> Brief: From the first line of the data below, repeat each line exactly until you reach the line with "コーナリングは、運転姿勢が楽"; include that line too.

(Collected data entries)
####################

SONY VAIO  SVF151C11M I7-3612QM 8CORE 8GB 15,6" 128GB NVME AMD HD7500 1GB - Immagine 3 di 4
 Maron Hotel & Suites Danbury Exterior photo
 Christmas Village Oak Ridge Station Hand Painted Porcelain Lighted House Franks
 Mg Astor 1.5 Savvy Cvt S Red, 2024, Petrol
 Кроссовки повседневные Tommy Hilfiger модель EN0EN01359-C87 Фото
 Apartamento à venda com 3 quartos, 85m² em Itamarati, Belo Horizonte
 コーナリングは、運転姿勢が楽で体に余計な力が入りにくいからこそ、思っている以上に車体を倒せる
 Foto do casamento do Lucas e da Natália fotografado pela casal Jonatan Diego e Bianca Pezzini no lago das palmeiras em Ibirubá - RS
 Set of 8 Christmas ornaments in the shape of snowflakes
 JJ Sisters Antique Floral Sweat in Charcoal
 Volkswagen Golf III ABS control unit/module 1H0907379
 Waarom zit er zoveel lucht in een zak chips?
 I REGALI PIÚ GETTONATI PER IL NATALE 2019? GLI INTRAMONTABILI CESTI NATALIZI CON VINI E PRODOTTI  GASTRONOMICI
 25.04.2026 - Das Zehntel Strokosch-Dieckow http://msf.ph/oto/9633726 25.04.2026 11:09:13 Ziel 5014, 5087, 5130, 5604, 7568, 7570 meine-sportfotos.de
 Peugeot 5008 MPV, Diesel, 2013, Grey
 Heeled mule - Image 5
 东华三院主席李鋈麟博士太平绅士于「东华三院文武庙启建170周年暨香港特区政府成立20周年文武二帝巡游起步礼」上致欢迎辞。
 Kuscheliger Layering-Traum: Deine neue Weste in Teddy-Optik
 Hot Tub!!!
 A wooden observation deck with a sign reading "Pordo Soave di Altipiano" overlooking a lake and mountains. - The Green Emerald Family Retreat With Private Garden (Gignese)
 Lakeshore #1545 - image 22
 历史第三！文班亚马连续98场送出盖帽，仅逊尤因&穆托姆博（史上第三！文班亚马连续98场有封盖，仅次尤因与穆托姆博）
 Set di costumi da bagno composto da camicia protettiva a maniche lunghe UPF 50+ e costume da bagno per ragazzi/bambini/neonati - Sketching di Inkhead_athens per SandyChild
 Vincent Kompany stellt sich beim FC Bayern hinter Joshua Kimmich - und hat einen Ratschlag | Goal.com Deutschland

####################

> Answer box:
SONY VAIO  SVF151C11M I7-3612QM 8CORE 8GB 15,6" 128GB NVME AMD HD7500 1GB - Immagine 3 di 4
 Maron Hotel & Suites Danbury Exterior photo
 Christmas Village Oak Ridge Station Hand Painted Porcelain Lighted House Franks
 Mg Astor 1.5 Savvy Cvt S Red, 2024, Petrol
 Кроссовки повседневные Tommy Hilfiger модель EN0EN01359-C87 Фото
 Apartamento à venda com 3 quartos, 85m² em Itamarati, Belo Horizonte
 コーナリングは、運転姿勢が楽で体に余計な力が入りにくいからこそ、思っている以上に車体を倒せる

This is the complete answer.